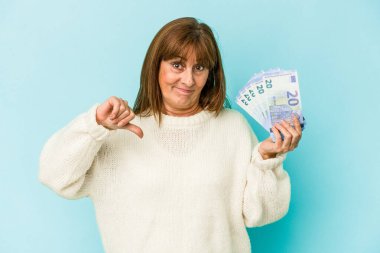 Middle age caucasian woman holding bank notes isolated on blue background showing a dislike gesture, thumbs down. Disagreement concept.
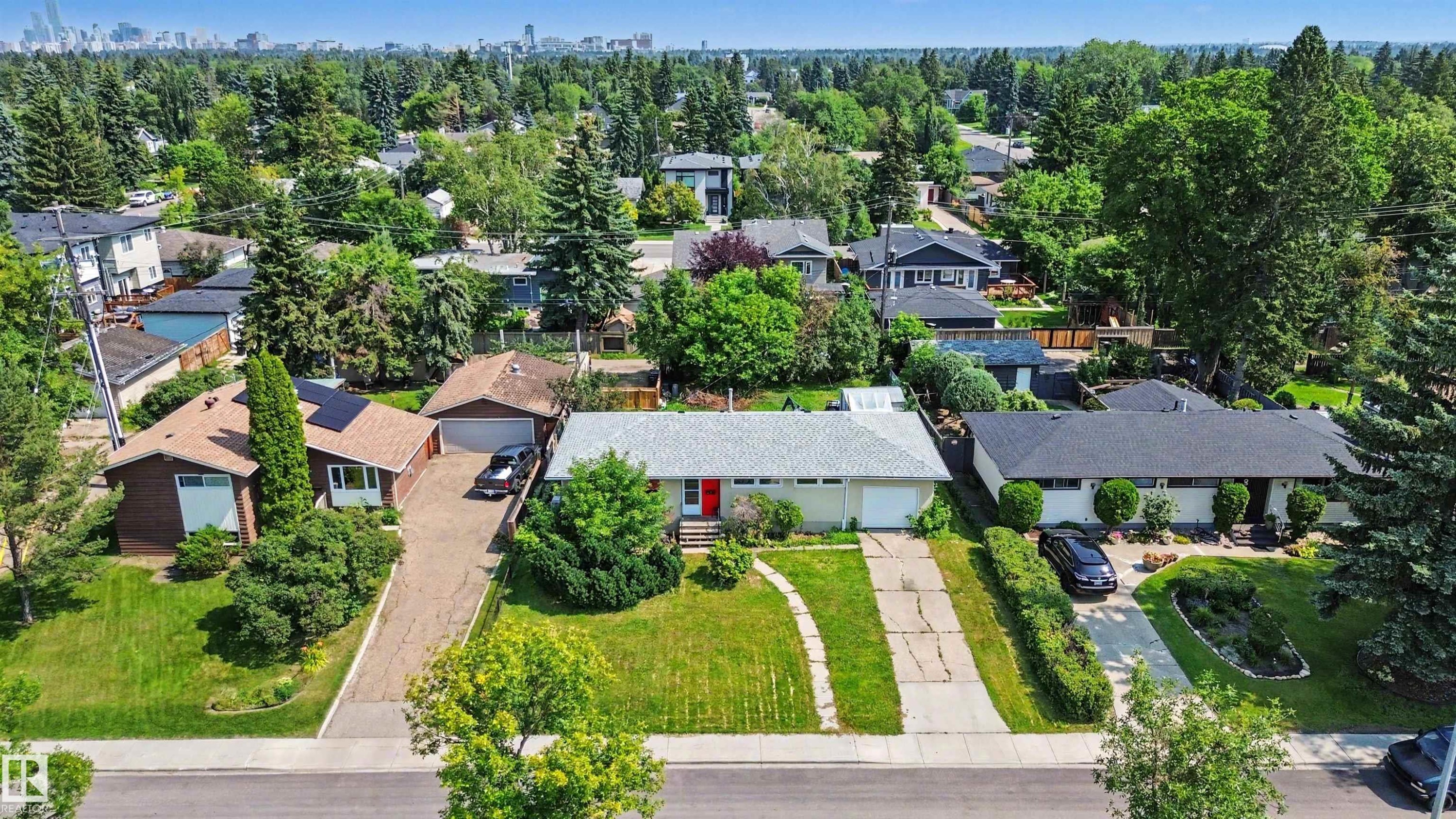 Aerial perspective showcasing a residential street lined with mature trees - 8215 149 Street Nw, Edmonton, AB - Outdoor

* * *

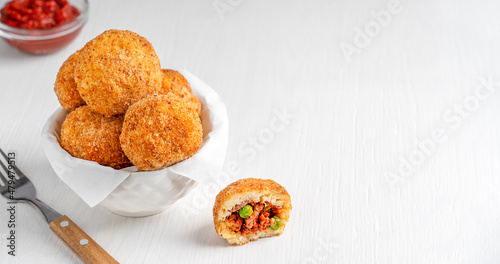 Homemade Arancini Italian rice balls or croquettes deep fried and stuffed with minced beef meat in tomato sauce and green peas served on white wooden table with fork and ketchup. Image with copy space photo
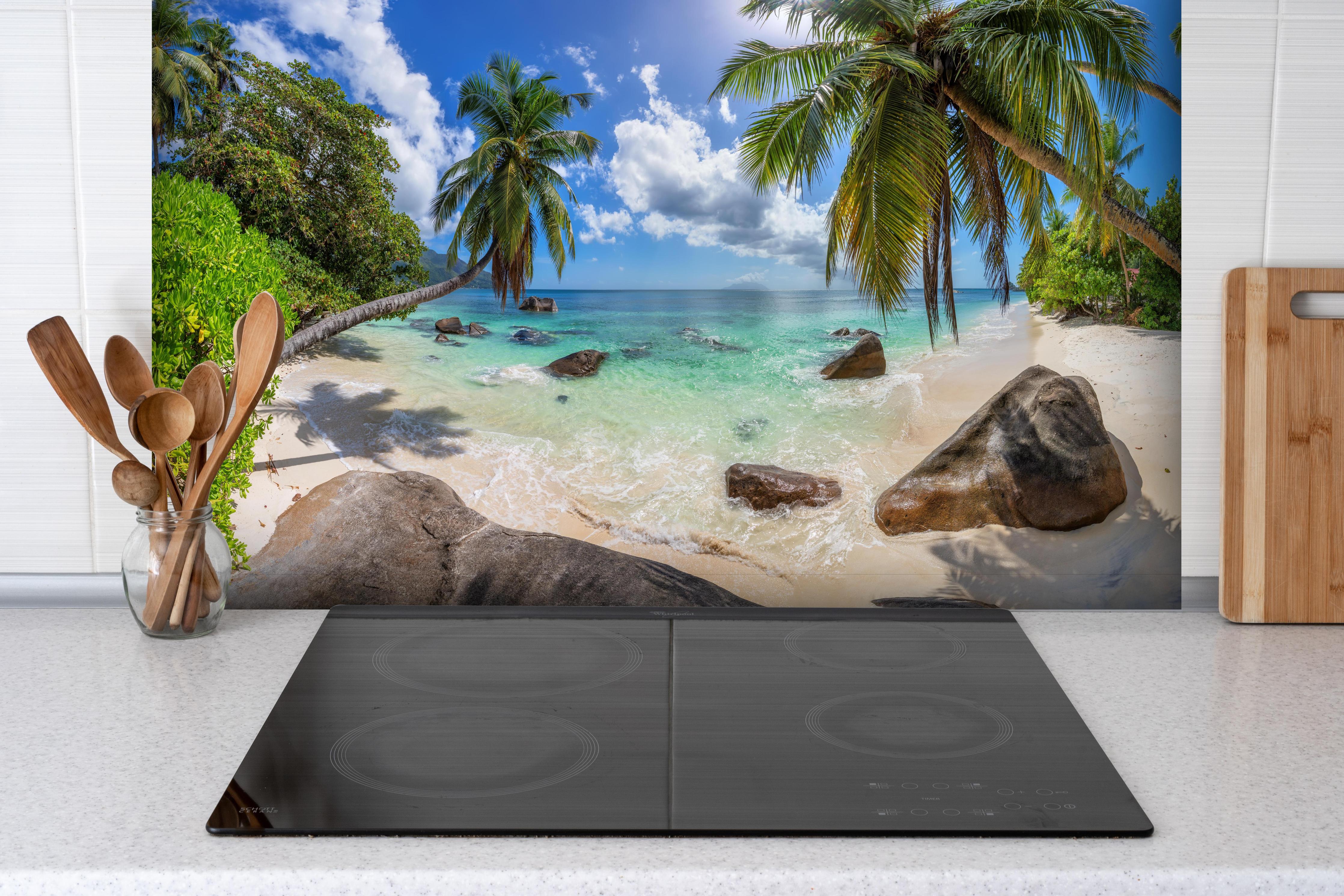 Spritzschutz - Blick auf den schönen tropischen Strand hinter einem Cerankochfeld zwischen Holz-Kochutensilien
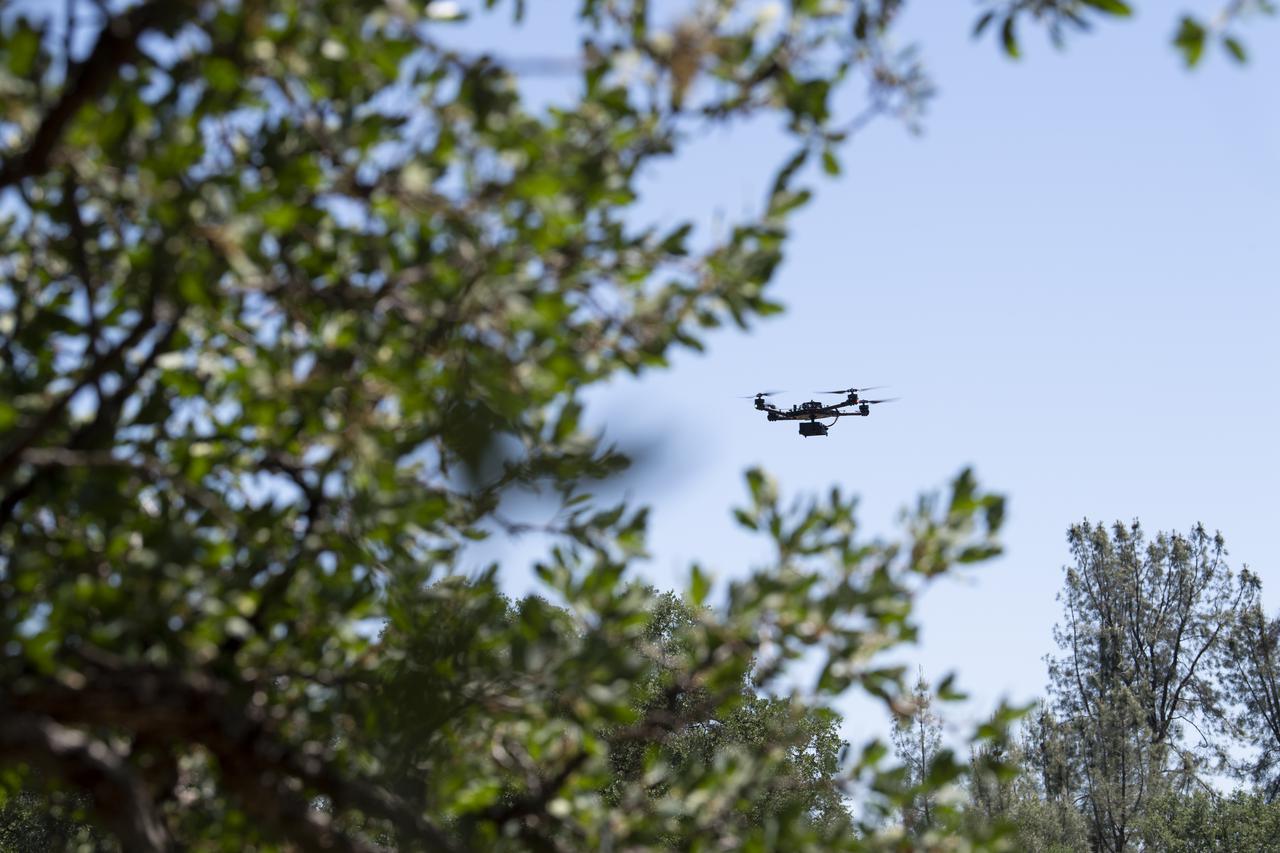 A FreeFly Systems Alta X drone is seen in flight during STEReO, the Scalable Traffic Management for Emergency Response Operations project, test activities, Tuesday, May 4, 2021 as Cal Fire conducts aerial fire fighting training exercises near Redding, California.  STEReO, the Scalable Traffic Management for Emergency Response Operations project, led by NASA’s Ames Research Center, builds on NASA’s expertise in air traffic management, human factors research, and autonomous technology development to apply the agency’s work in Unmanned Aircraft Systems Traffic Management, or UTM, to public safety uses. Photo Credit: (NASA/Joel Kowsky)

...

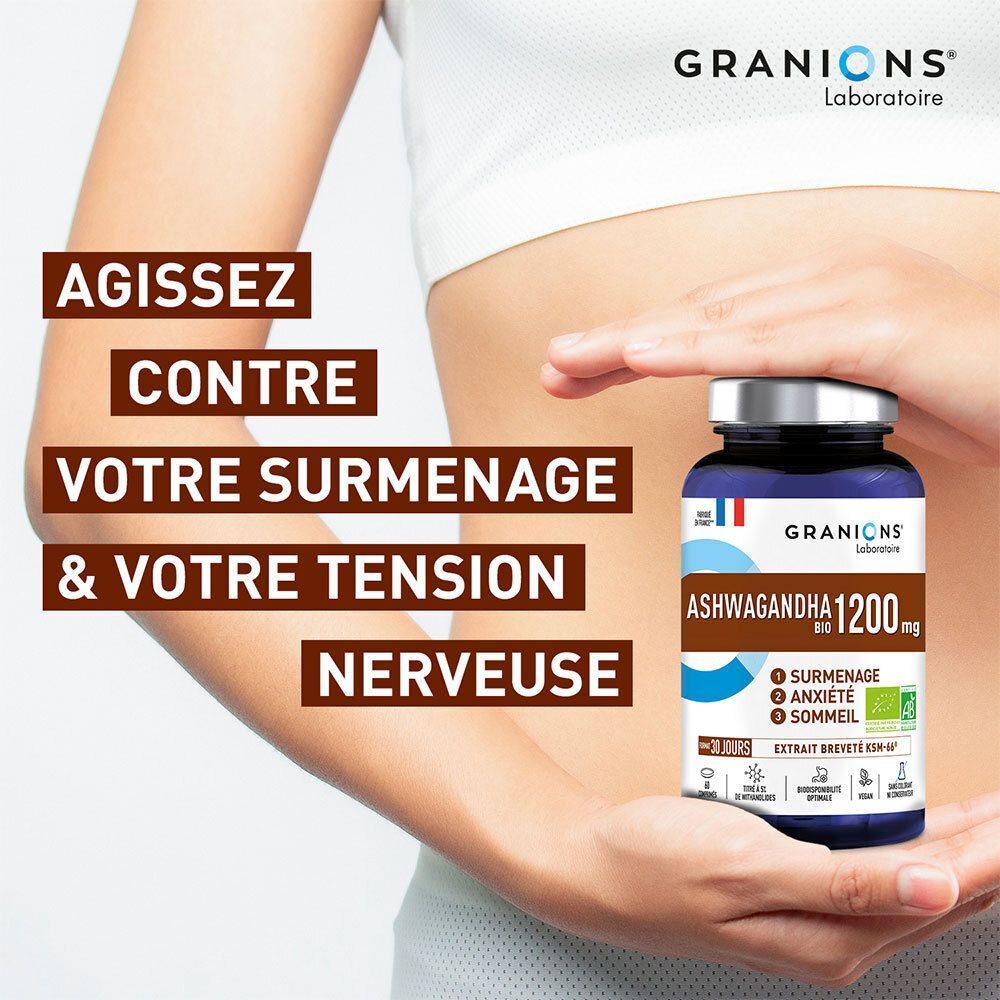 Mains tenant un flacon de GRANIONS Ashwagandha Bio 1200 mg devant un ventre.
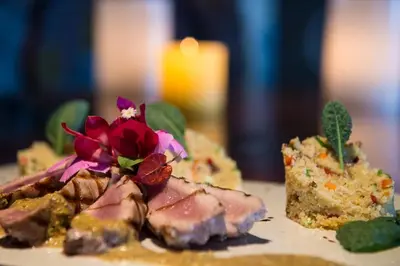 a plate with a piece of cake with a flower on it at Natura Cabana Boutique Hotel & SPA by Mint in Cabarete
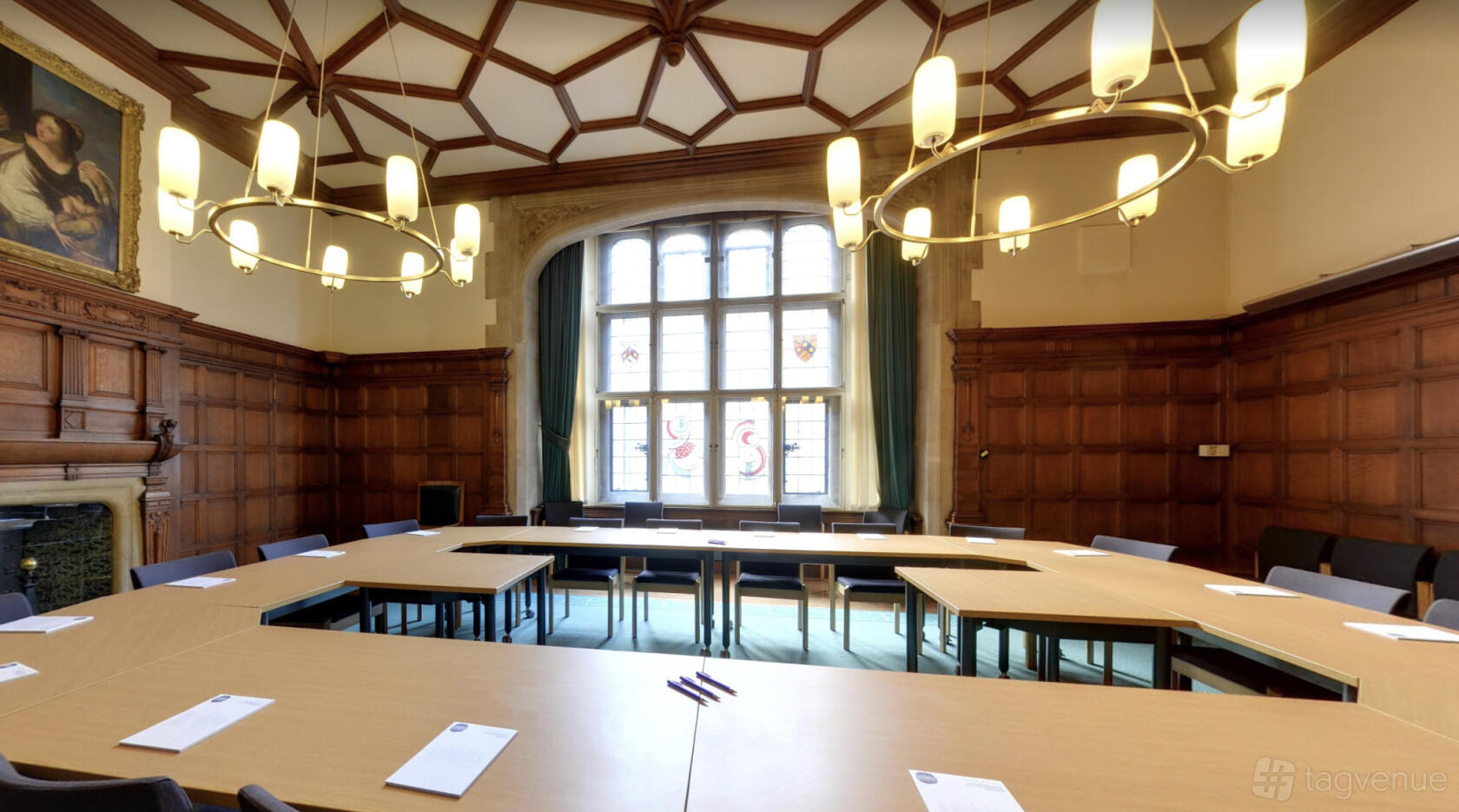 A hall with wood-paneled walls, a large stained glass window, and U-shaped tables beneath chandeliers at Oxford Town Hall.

### INSTRUCTIONS FOR THE TASK
Pictures excluded, give again exactly and only the lines of the material above from the line with "Middle age caucasian" through the line with "Aerial perspective showcasing".

### RESPONSE
 Middle age caucasian woman holding bank notes isolated on blue background showing a dislike gesture, thumbs down. Disagreement concept.
 Aerial perspective showcasing a residential street lined with mature trees - 8215 149 Street Nw, Edmonton, AB - Outdoor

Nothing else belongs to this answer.